Write each entry again exactly as shown, but without the images it holds.

* THE DATA
----------------------------------------

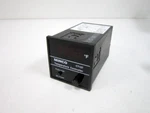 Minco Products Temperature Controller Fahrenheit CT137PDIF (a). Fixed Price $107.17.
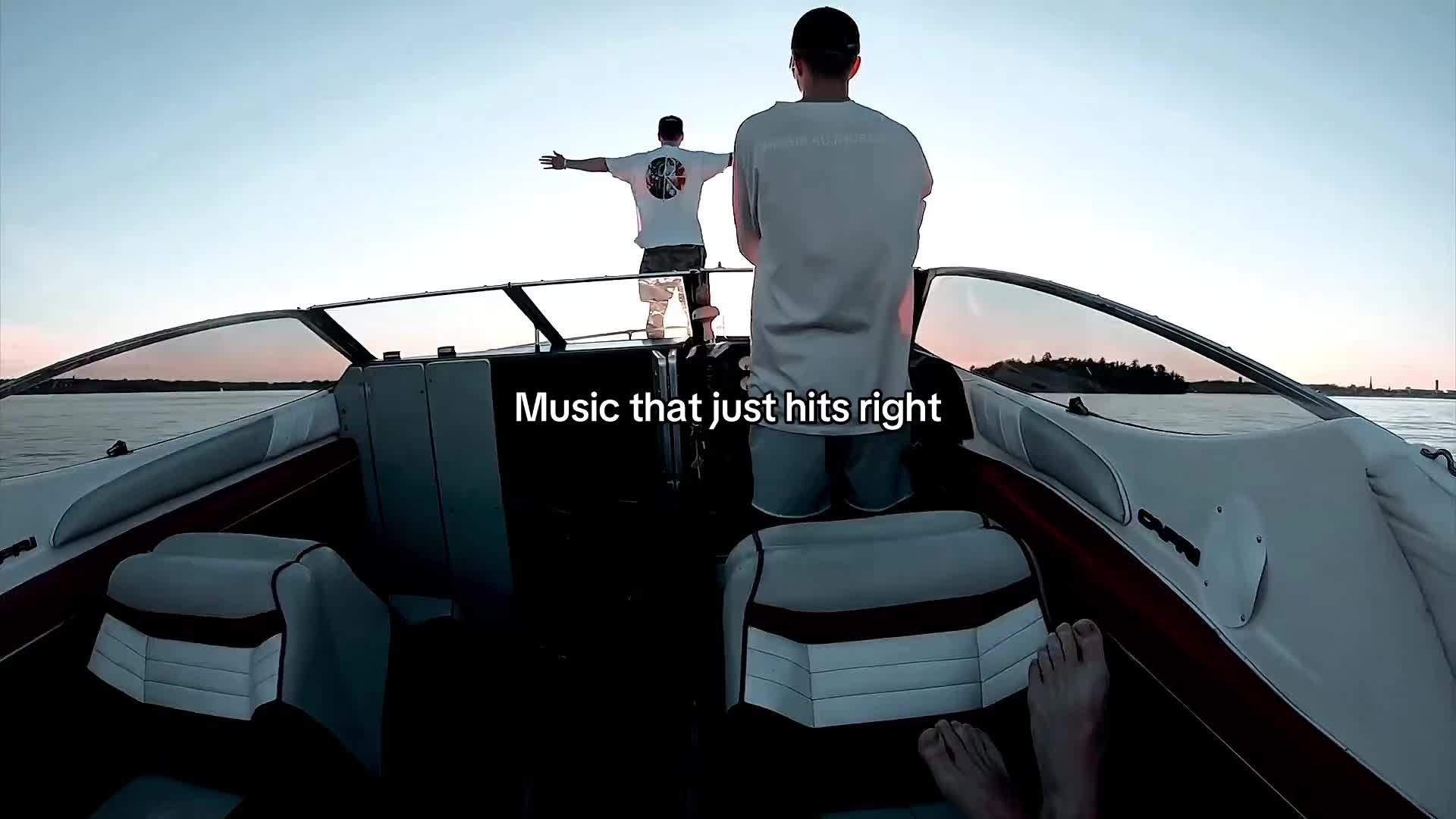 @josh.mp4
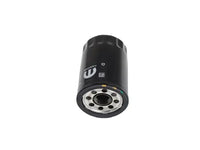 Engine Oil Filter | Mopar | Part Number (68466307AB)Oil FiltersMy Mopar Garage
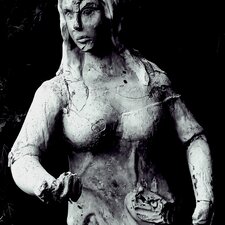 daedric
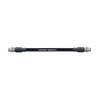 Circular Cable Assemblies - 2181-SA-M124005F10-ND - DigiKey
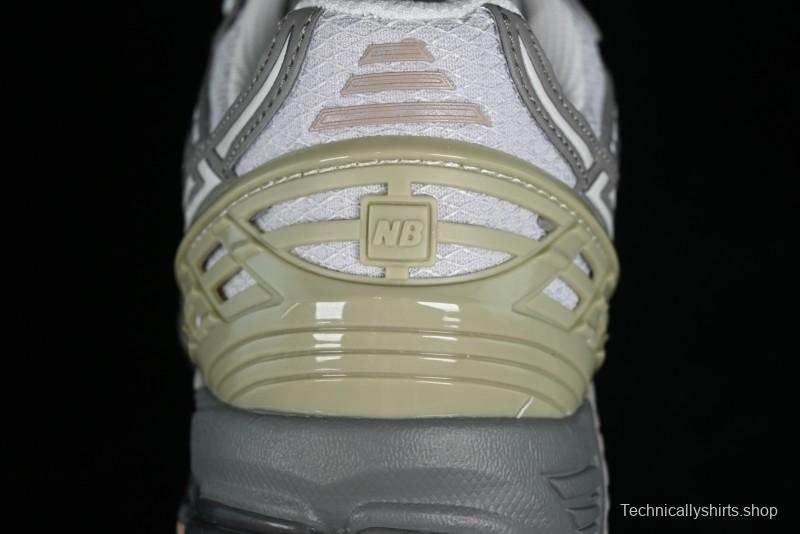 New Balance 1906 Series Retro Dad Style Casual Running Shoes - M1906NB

----------------------------------------

* OUTPUT BELOW
 Minco Products Temperature Controller Fahrenheit CT137PDIF (a). Fixed Price $107.17.
 @josh.mp4
 Engine Oil Filter | Mopar | Part Number (68466307AB)Oil FiltersMy Mopar Garage
 daedric
 Circular Cable Assemblies - 2181-SA-M124005F10-ND - DigiKey
 New Balance 1906 Series Retro Dad Style Casual Running Shoes - M1906NB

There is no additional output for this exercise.